╭──
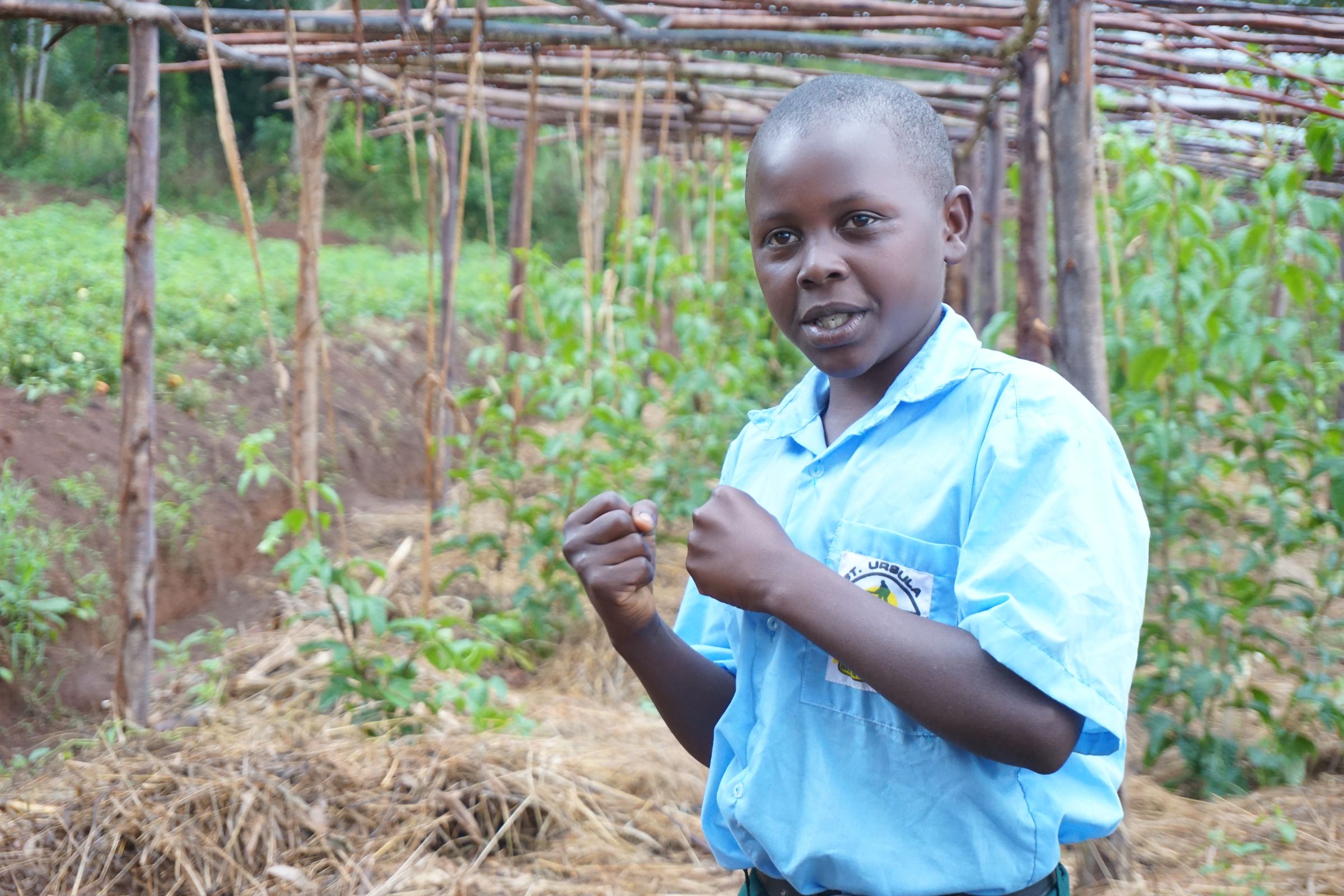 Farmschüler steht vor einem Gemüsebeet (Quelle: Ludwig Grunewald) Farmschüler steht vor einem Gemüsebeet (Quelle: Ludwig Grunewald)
╰──
╭──
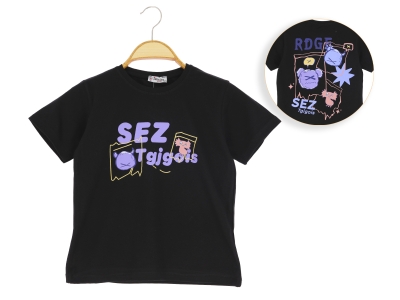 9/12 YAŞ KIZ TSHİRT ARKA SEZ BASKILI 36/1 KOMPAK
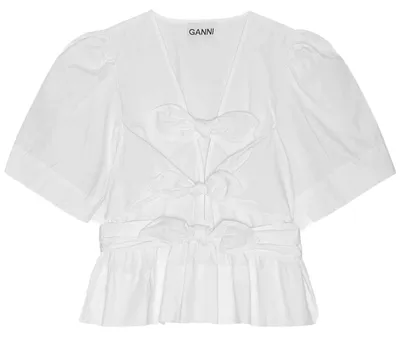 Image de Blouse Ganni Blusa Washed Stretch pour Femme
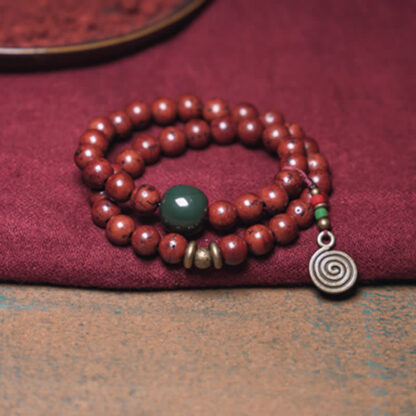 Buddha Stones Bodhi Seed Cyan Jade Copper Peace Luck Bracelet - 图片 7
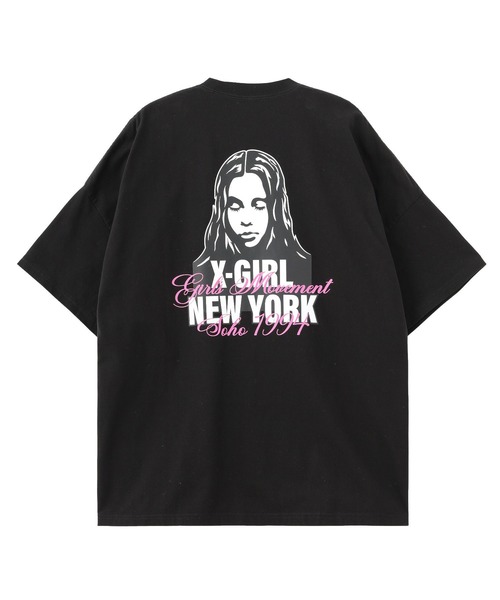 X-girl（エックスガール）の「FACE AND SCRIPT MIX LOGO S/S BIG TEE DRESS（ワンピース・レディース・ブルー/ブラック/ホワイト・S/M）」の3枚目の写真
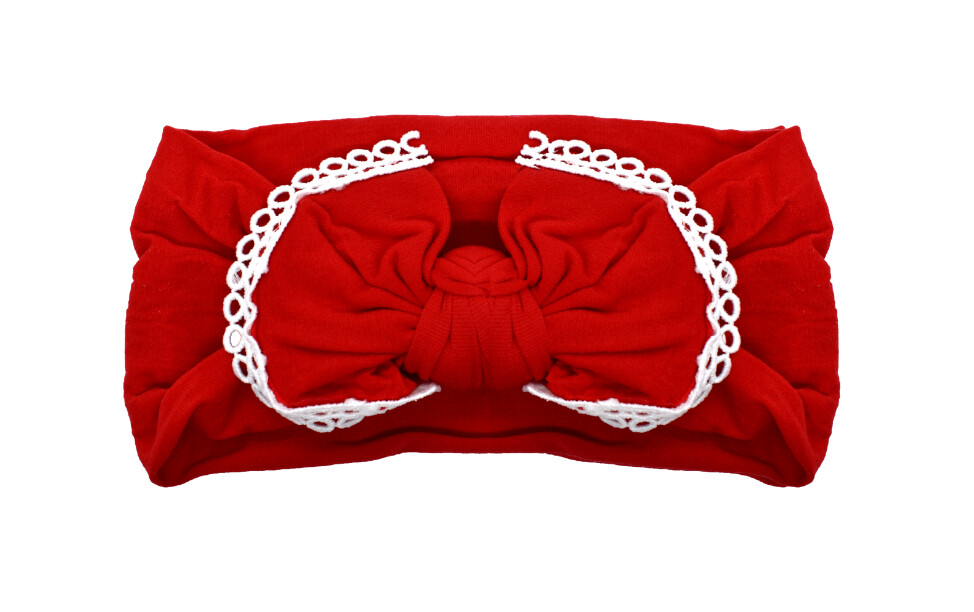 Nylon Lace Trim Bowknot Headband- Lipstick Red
╰──
[Exercise brief] Respond with the exact lines above running from the one containing "Buddha Stones Bodhi" to the one containing "Nylon Lace Trim", both ends kept and no pictures included.

[Solved problem]
 Buddha Stones Bodhi Seed Cyan Jade Copper Peace Luck Bracelet - 图片 7
 X-girl（エックスガール）の「FACE AND SCRIPT MIX LOGO S/S BIG TEE DRESS（ワンピース・レディース・ブルー/ブラック/ホワイト・S/M）」の3枚目の写真
 Nylon Lace Trim Bowknot Headband- Lipstick Red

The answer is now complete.